==== Data shown

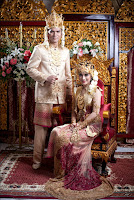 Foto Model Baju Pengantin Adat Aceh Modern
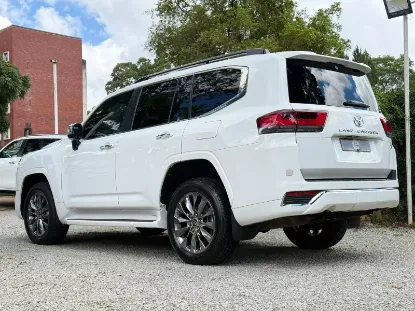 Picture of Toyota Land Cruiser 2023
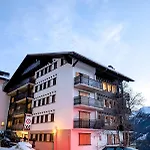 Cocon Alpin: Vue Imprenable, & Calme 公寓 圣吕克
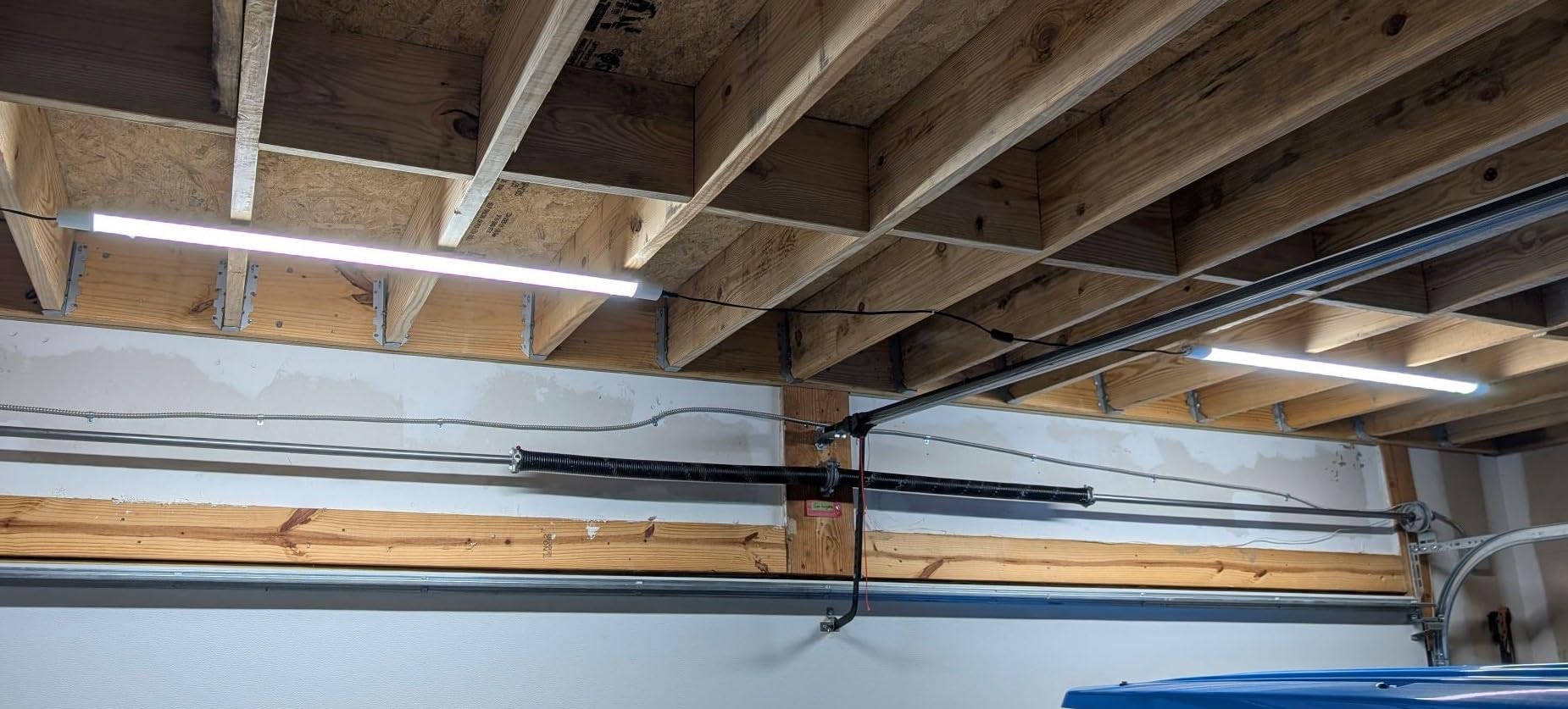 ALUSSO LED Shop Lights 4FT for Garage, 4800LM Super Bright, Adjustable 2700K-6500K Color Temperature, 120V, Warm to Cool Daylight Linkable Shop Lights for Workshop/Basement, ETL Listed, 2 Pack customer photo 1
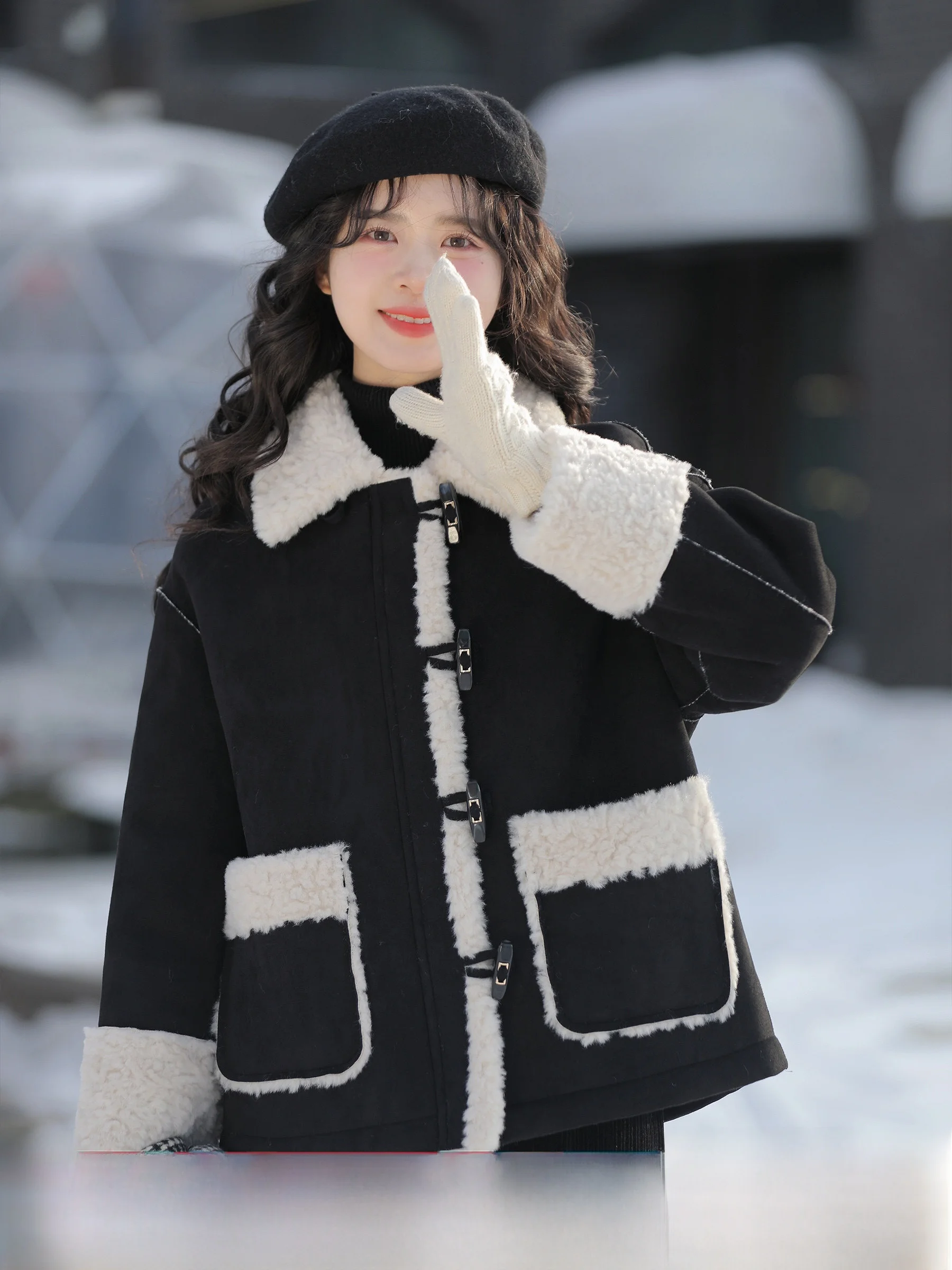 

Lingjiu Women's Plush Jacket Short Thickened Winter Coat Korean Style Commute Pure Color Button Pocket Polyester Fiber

========
==== Data shown

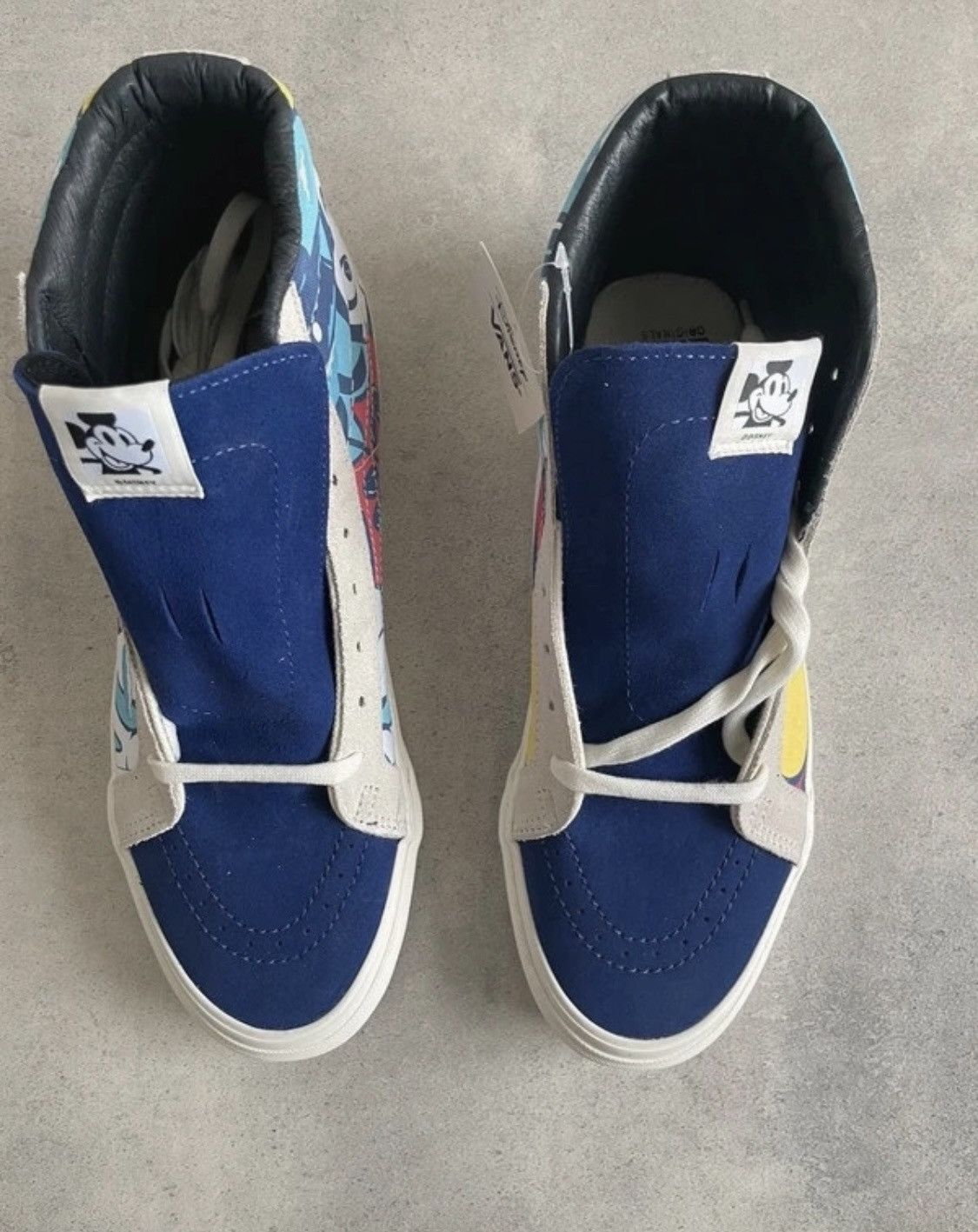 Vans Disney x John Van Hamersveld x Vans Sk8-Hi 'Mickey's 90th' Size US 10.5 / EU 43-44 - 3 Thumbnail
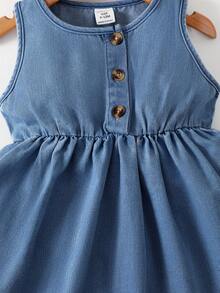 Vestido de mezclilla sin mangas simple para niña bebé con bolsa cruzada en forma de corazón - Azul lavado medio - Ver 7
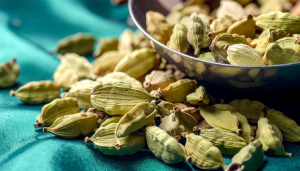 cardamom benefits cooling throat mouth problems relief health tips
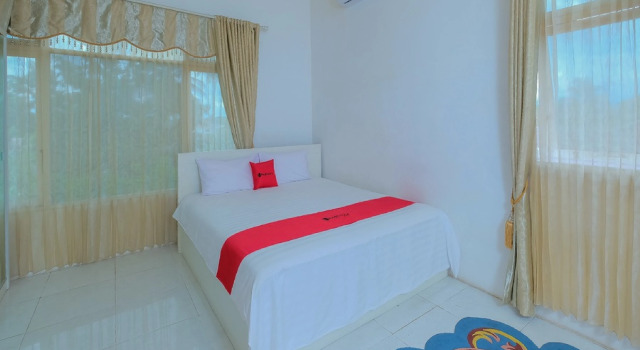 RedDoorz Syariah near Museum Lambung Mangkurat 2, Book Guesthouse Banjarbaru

========

Write back the stretch of lines above that begins with the line holding "Vans Disney x" and ends with the line holding "RedDoorz Syariah near", both included, exactly as written. Pictures stay out.

## Task result
 Vans Disney x John Van Hamersveld x Vans Sk8-Hi 'Mickey's 90th' Size US 10.5 / EU 43-44 - 3 Thumbnail
 Vestido de mezclilla sin mangas simple para niña bebé con bolsa cruzada en forma de corazón - Azul lavado medio - Ver 7
 cardamom benefits cooling throat mouth problems relief health tips
 RedDoorz Syariah near Museum Lambung Mangkurat 2, Book Guesthouse Banjarbaru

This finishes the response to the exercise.